Writing Again

How long have I been typing and not writing? It began in my parents’ basement. I was maybe three or four years old. As my older brother recalls it, I would wake him and ask him when we could go and “po-gam” on the Atari 800 tucked into the disused sauna’s anteroom in the basement. Programming consisted of transcribing code from COMPUTE! magazine onto cassette tapes and then playing the resulting games.

This exposure to keyboarding doesn’t let me claim to have learned QWERTY before cursive. I remember the trouble I had with our electric typewriter when I had to type a report in elementary school. But by middle school I was more comfortable with a word processor and a dot matrix printer than I would ever be with pen and paper. Thinking about it now, the comfort was both physical and psycological. My writing posture is awful. My grip on the instrument is painful. Frequent mistakes and edits quickly ruin the paper. Rearranging thoughts requires a laborious rewrite. Why would anyone prefer handwriting?

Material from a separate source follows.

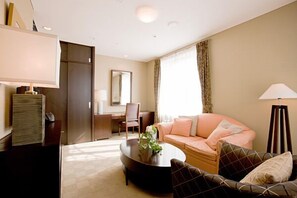 A modern living room with a sofa, armchair, coffee table, and a desk with a chair. - Hotel Kitano Plaza Rokkoso (Kobe)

Yet today I write this by hand with a tablet and stylus. These are digital tools so I have the benefits of easy erasure and automatic handwriting recognition. I can lasso paragraphs and move them around. This hybrid writing mode is letting me explore the differences between typing and handwriting.

Knowing that I won’t heavily edit the text with a keyboard, I think harder before putting words on the page. Keystrokes are cheaper than strokes of the pen. My hope is that this practice will make me do more internal composition, planning out several sentences in advance. I might even take up outlining.